軽トラの助手席に乗って忍び込んだフェンスの内側では、砂漠色の迷彩服を着て、中東に向かうための訓練の真っ最中。基地の建物に入ると、ビールやコーラやファーストフードがものすごく安くて、VIP待遇な雰囲気のラウンジに、ピカピカしたバブルな高揚感が漂ってた。廊下には、どこかの国で爆弾を落としてる写真や、戦地で何度も活躍した英雄の写真が金色の額に入って飾られてた。ずらりと並んだ電話ボックスは、全部塞がっていて、船を押してくれたような大きな青年たちが、身体をくの字に曲げて、誰かにずーっと電話をしていた。

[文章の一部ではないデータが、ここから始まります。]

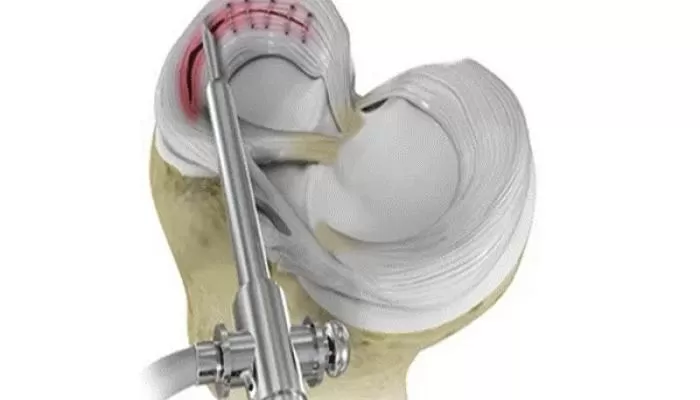 درمان مینیسک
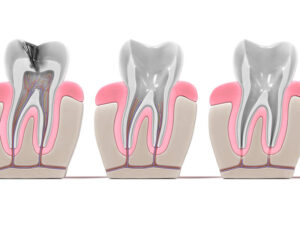 endodontia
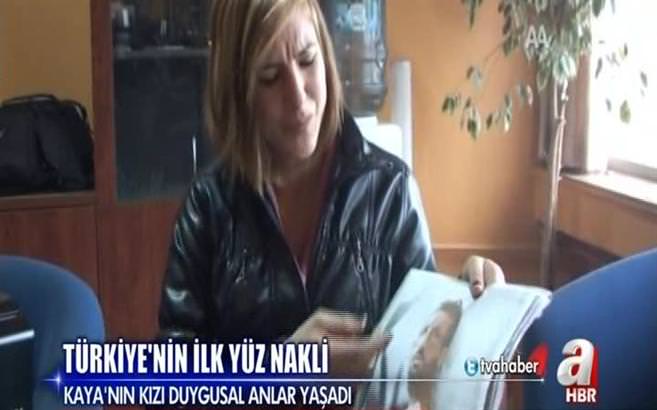 Türkiye'nin ilk yüz nakli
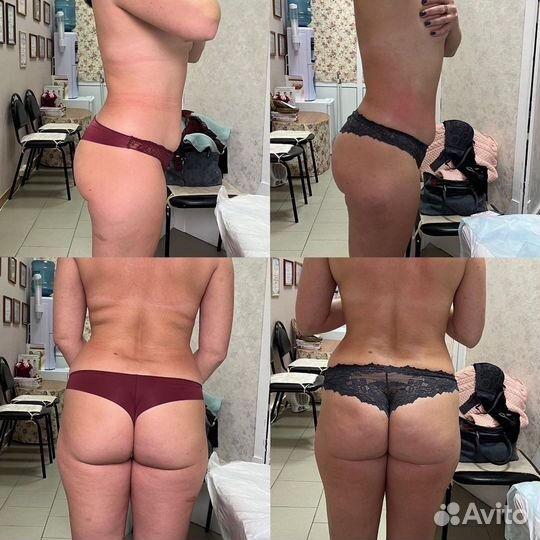 Коррекция фигуры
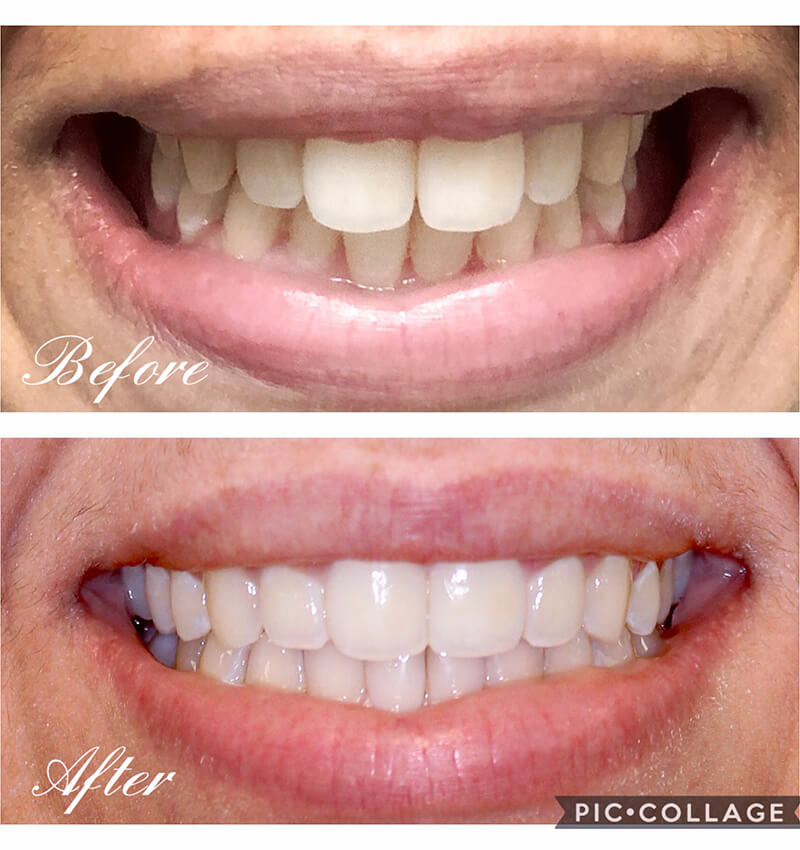 INVISALIGN before and after4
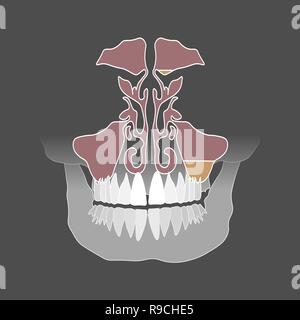 Flat Style. Odontogenic Sinusitis. Entzündung der Kieferhöhlen aufgrund einer Krankheit der Wurzeln der Zahn 10 eps Stock Vektor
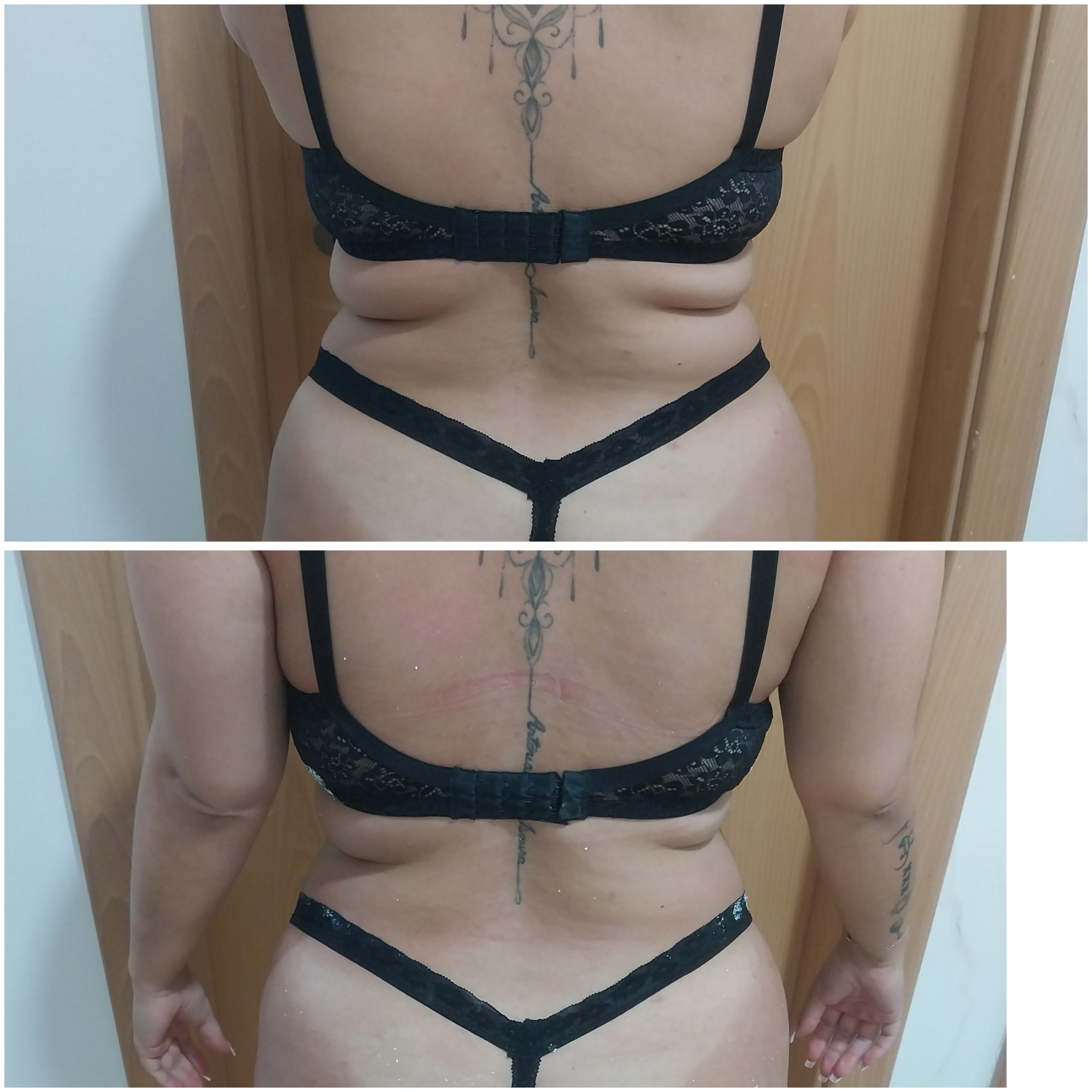 Tratamento de gordura localizada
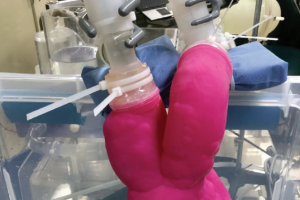 Centré sur le Coeur : 3D Print bureau créé des modèles cardiaques complexes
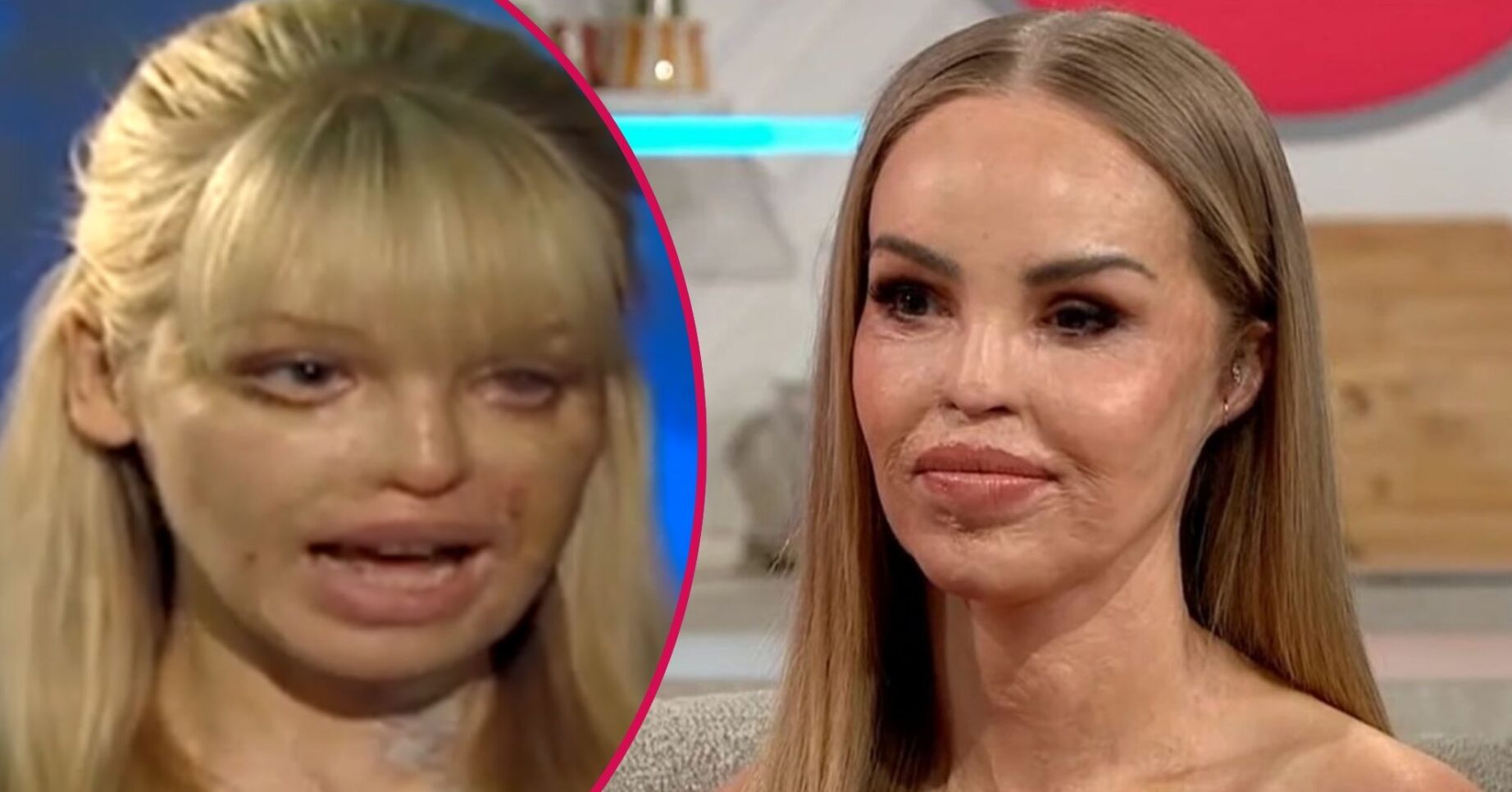Katie Piper talking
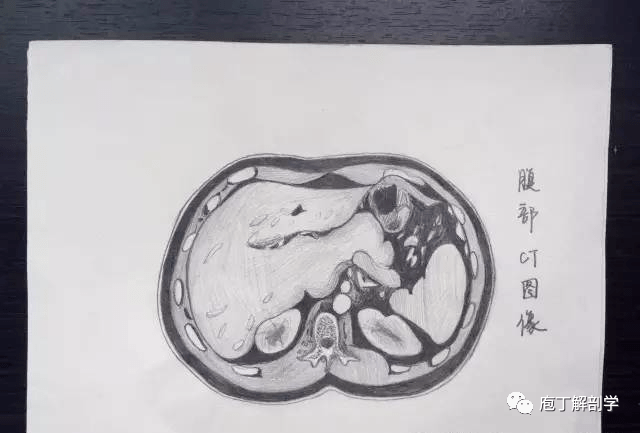 一看到這些醫生手繪的解剖圖我就震驚了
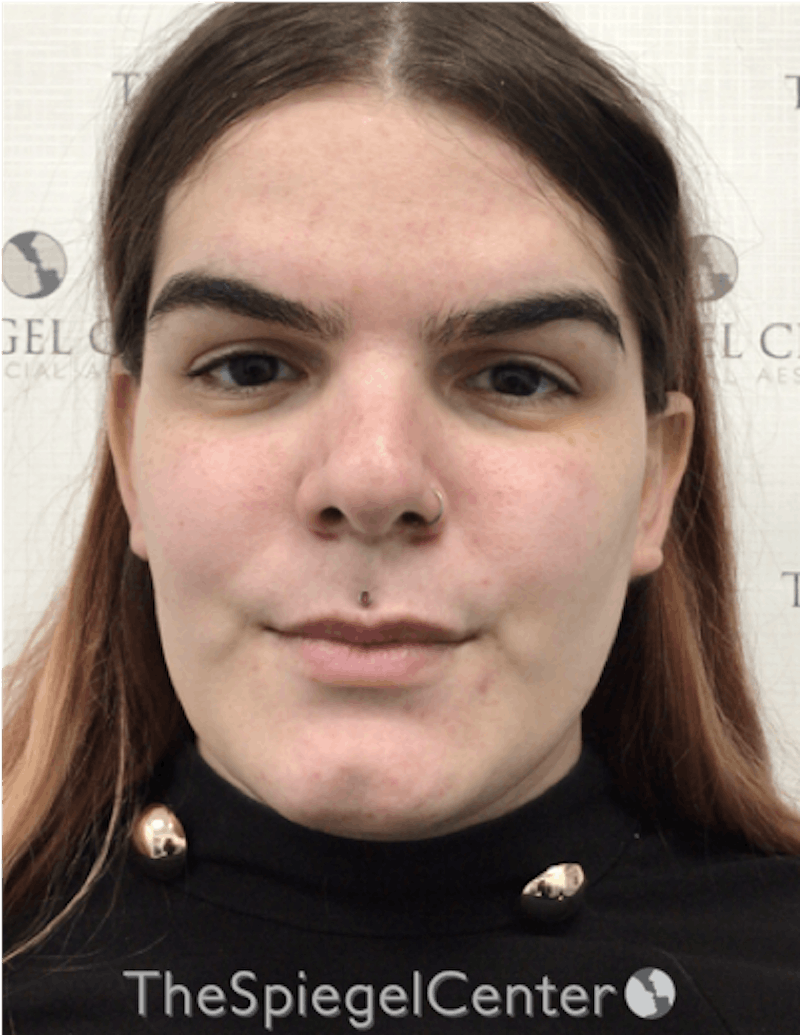 FFS Before & After Gallery - Patient 157140199 - Image 1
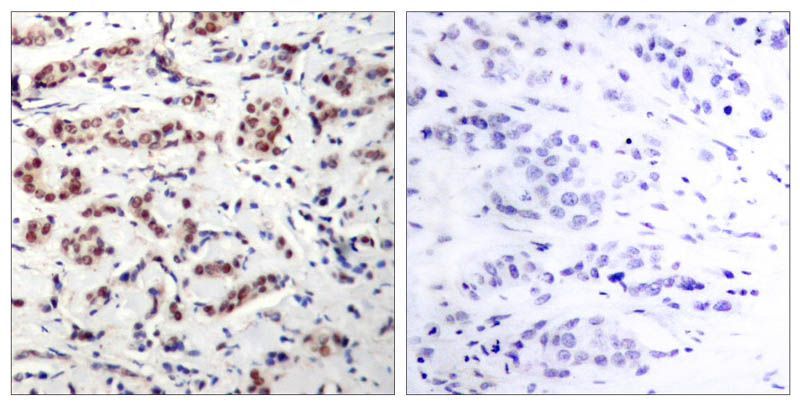 STAT5A (Phospho-Tyr694) Rabbit Polyclonal Antibody, 100 ug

アメリカではミツバチが大量死している。毎年30%ずつ。メリッサの家族は、農薬がその一番の原因だと心を痛め、オーガニックの食べものが大事だと言ってた。ミツバチはピンチになると、群れの中から一匹ふらりと人間を呼びにくるっていう話にも、あるある、とうなづいてくれた。洗濯物を干してるところに一匹だけ飛んできて、しつこく手をつつくから駆けつけてみると、スズメバチに巣が襲われていたり、ということがよくある。ニホンミツバチはフォーメーションが得意で、みんなで羽を一斉にばたつかせて風を送ったり、身体を擦り付けて熱を出したりする。エクアドルからきた虫博士マルティンも、それをとっても面白がってた。スズメバチ、スムシ、病気、そして農薬というニホンミツバチの天敵に加えて、3年くらい前から、異常気象で、ミツバチはますます暮らしにくそう。花の季節に雨が続いて蜜を集められないから群の勢力も弱まっている。世界中で蜂を守っていかないと、2035年には地球上のかなりのミツバチが死滅することが予測されている。ひとの食べものの大半の受粉を担ってる彼らが消えたら、飢餓が深刻になるだろう。

メリッサ家族がお土産にくれたスティック式の西洋ハチミツと、うちで採りたての発酵ニホンミツバチを舐め比べながら、14歳の息子さんと一緒に、「これから、蜂の仕事はとても大事なものになるよね」と、うなずきあった。ニホンミツバチは、一種類の花の蜜を集める西洋ミツバチとは習性が違い、半径2キロのありとあらゆる野の花の蜜をあつめる。この周囲の土地の濃縮であり、森そのものだ。うちの蜂蜜の風味は、ちょっと特別。今あちこちに咲いてるうっとりするような野薔薇も、末っ子のネムとストライダーで散歩する道に香る、スイカズラのちょっと紅茶のような風味も、耕作放棄地にほったらかしの金柑などの柑橘の香りもする。蛇がもう出なくなる時期に目印のように咲きはじめる、黄色い石蕗(ツワブキ)の花も蜂は大好きで、薬効成分がとても高いらしい。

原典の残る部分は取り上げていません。